Ich würde nicht mal eines der enthaltenen Werkzeug ausklappen, sondern direkt mit dem kleinen Stahlding auf den Sensor einschlagen, bis seine Plastikhülle zerbrochen ist und er seine rotweißen Kabel- und grünen Platineninnerein preisgeben würde, die ich dann weiter zerschlage und zerreiße, bis nichts mehr übrig wäre. In meiner Raserei habe ich nicht bemerkt, dass zum Zeitpunkt der Sensorzerstörung die Türflügel geschlossen waren, sodass ich schwer atmend und leise fluchend von der Leiter herunter steige und mit Hilfe des Messerwerkeugs am Multitool die Flügel an der Gummilippe auseinander hebele und unter Ächzen auseinanderschiebe, bis sie rechts und Links in der Wand verschwinden.
An der einen Wand sehe ich auch das Bedienpanel, an dem man normalerweise die Betriebsarten der Schiebetür einstellen kann, also Sensor-Automatik oder Dauerauf, bzw. Dauerzu. Dafür braucht man aber einen Schlüssel, den ich nicht habe, da mein Vorgänger, der hier zuständig war, sein Schlüsselbund - also so ein richtiges Hausmeisterschlüsselbund mit ganz vielen Schlüsseln dran - für alle Türen, die Briefkästen, den Keller, aber auch dem Vierkant für den Sicherungskästen in der zweiten Etage und eben dem Schlüssel für die Schiebetür am Ausgang - verloren hat - dementsprechend Kündigung und Auslöschung und nun bin ich hier - zuständig fürs Ordnen der Gedanken und Durchkehren der Gänge in diesem Geist.
Und nachdem ich schwitzend das Problem mit der Schiebetür beseitigt habe, frage ich mich: War das ein guter Tag oder ein schlechter? - kKomme ich morgen stinkend zur Arbeit, weil es guter Schweiß war, der da aus meinem Körper trat, während ich die fettige Tür, die sich jeden Morgen so verheerend vor den Augen schließt, zerstört habe? Oder hätte es Glasreiniger doch getan?

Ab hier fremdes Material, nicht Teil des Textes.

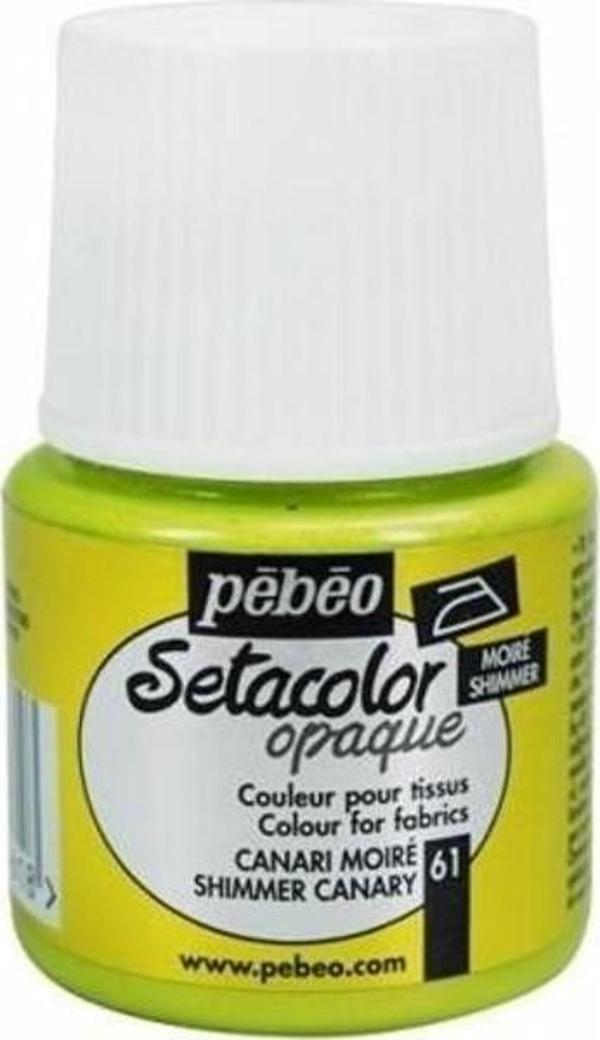 Pebeo Setacolor Shimmer (Pırıltılı) Opak Kumaş Boyası 61 CANARY YELLOW - Image 1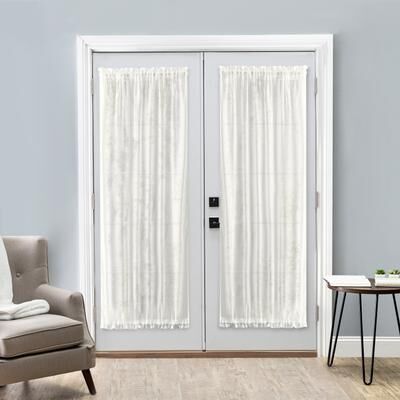 Ricardo Sea Glass Door Curtain Panel with Tie-backs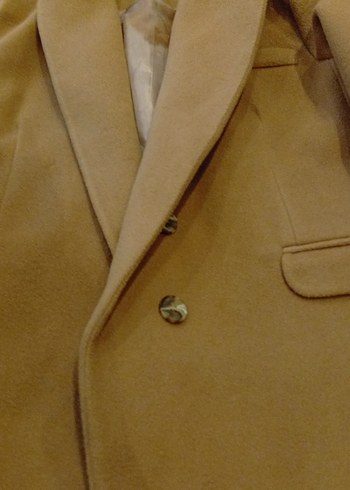 Bej Süet Kadın Midi Klasik Kesim Kaban - Görsel 2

Man soll ja Wasser sparen und sowohl nicht Duschen, als auch durch die Zerstörung der Tür weniger verbrauchte Putzwasser geben mir ein gutes Gewissen.
TV
PS: Der Rest der glücklichen Tagesfinger an denen ein freudiges Aufstehen stattfand, waren jene, an denen ich Orte, wo ich einer Tätigkeit nachging und mit Menschen zu tun hatte, verließ. Hier auch wieder: die Fahrt über Straßen, zischend vorbei an Bäumen unter sonnigem Himmel. Erlösung in Bewegung.